10

I've got two separate functions. Each of them takes quite a long time to execute.

def function1(arg):
     do_some_stuff_here
     return result1

def function2(arg1, arg2, arg3):
     do_some_stuff_here
     return result2

I'd like to launch them in parallel, get their results (knowing which is which) and process the results afterwards. For what I've understood, multiprocessing is more efficient than Threading in Python 2.7 (GIL related issue). However I'm a bit lost whether it is better to use Process, Pool or Queue and how to implement them in a correct pythonic way for my use case.

Any help appreciated ;)

3
  • 1
    The GIL interferes with CPU-bound operations but doesn't really impact IO-bound operations. What type of stuff are your functions doing? Commented Apr 18, 2017 at 14:32
  • The functions do the same general kind of stuff : Get data via http request, store them in memory, do some processing and turn them into numpy array. Commented Apr 18, 2017 at 14:38
  • "General" isn't very specific. Try out both threading and multiprocessing and see if there's a difference, the APIs for using both modules are similar. Commented Apr 18, 2017 at 22:11

3 Answers 3

22

First of all, Process, Pool and Queue all have different use case.

Process is used to spawn a process by creating the Process object.

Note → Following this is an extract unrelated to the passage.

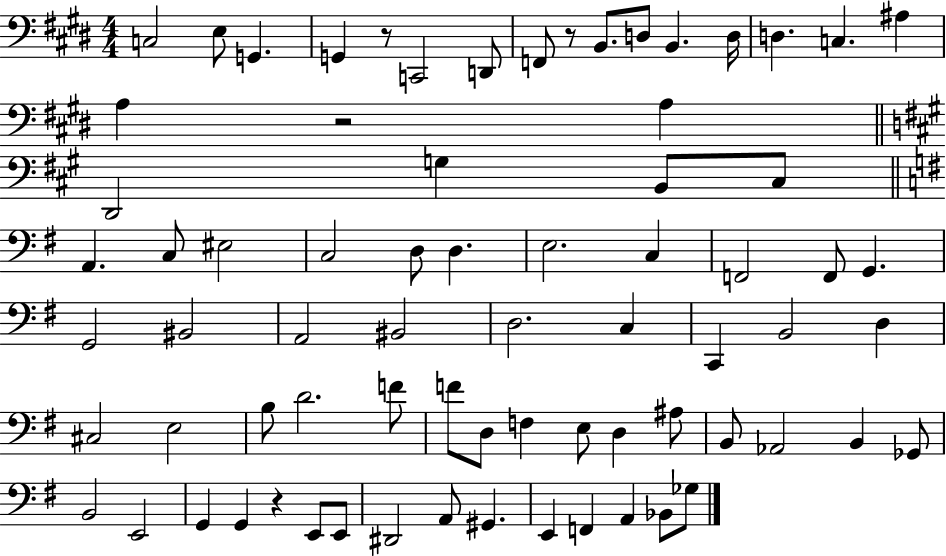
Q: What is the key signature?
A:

from multiprocessing import Process

def method1():
    print "in method1"
    print "in method1"

def method2():
    print "in method2"
    print "in method2"

p1 = Process(target=method1) # create a process object p1
p1.start()                   # starts the process p1
p2 = Process(target=method2)
p2.start()

Pool is used to parallelize execution of function across multiple input values.

from multiprocessing import Pool

def method1(x):
    print x
    print x**2
    return x**2

p = Pool(3)
result = p.map(method1, [1,4,9]) 
print result          # prints [1, 16, 81]

Queue is used to communicate between processes.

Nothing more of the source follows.